Black History Timeline: 1900–1909

Booker T. Washington Dines With President Roosevelt

Corbis / Getty Images

In 1896, the Supreme Court rules that separate but equal is constitutional through the Plessy v. Ferguson case. Immediately, local and state laws are created and, in some cases, enhanced to prohibit Black people from participating fully in American society. However, almost immediately, African Americans begin working to prove their worth in American society. The timeline below highlights some of the contributions as well as some tribulations faced by Black Americans between 1900 and 1909.

1900

James Weldon Johnson holding a telephone from the early 1900s
NAACP executive secretary James Weldon Johnson, the Black civil rights activist determined to get anti-lynching legislation through Congress in the 1920s.

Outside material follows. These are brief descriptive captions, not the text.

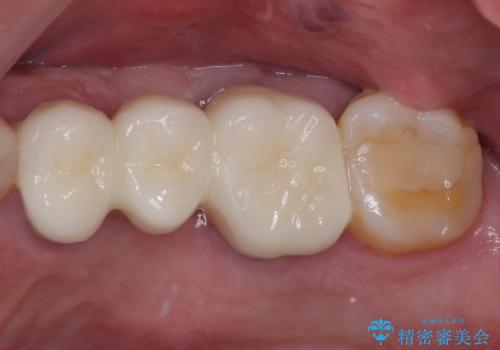 ものが挟まって痛む 割れてしまった歯のオールセラミックブリッジ治療の症例 治療後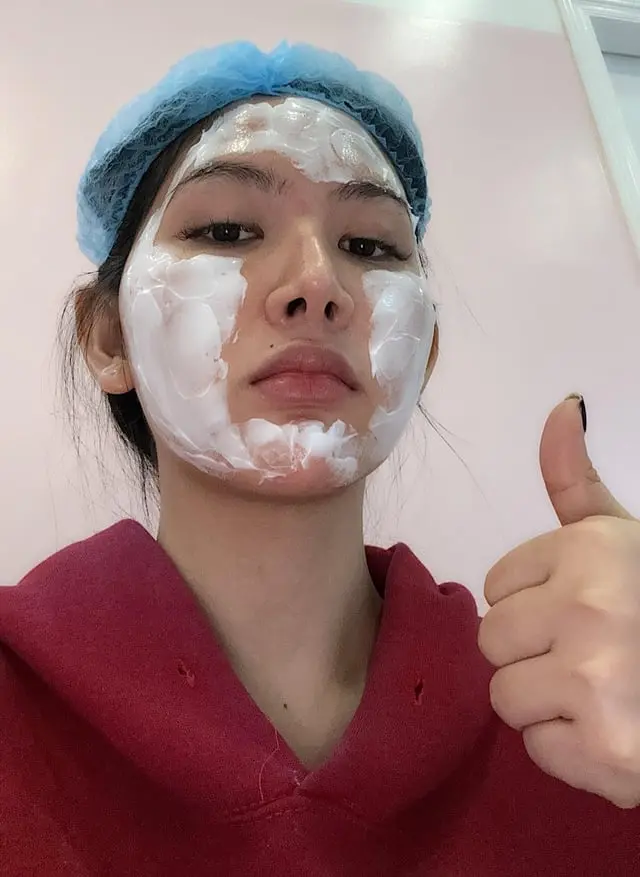 had-my-skin-treatment-yesterday-lol-v0-r04tb0cbf3od1.webp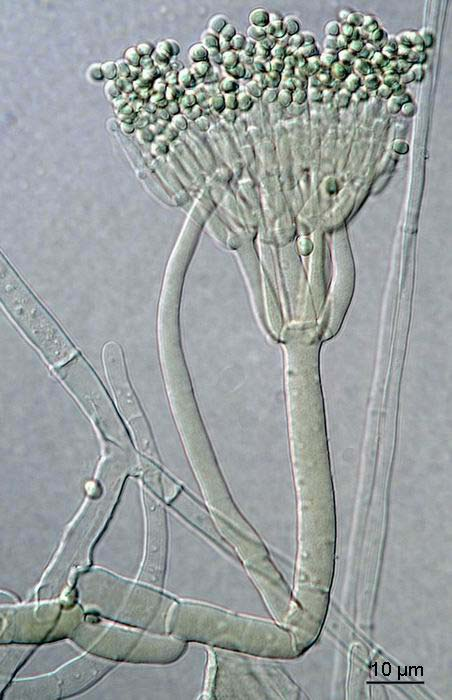 Gliocladium viride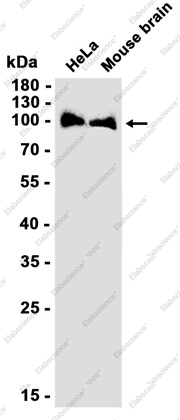 Recombinant VPS41 Monoclonal Antibody - 2
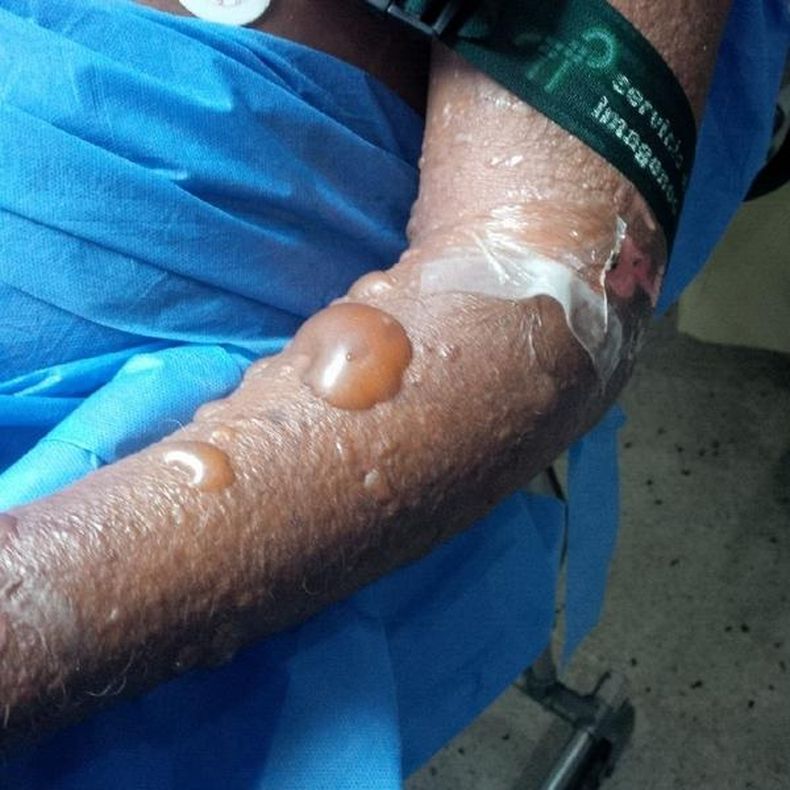 Frente a la extraña enfermedad que ha cobrado más de una decena de vidas en Venezuela.  La ministra de Salud dijo que no había "enfermedades hemorrágicas ni raras"
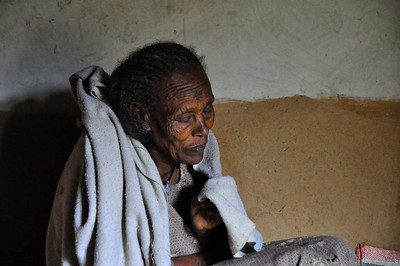 dementia in developing countries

Library of Congress / Getty Images

February 12: "Lift Every Voice and Sing" is performed for the first time at an assembly marking President Abraham Lincoln's birthday at Stanton School, Florida's first high school for Black students. Brothers James Weldon Johnson and John Rosamond Johnson had written the lyrics and composition for the song, which within two years is considered the African American national anthem. James actually had composed "Lift Every Voice and Sing" as a poem in 1899, and John set it to music for the assembly early this year, according to the Library of Congress, which adds that the song "is permeated with the legacy of slavery, only two generations gone, and haunted by the continued violent oppression of African Americans."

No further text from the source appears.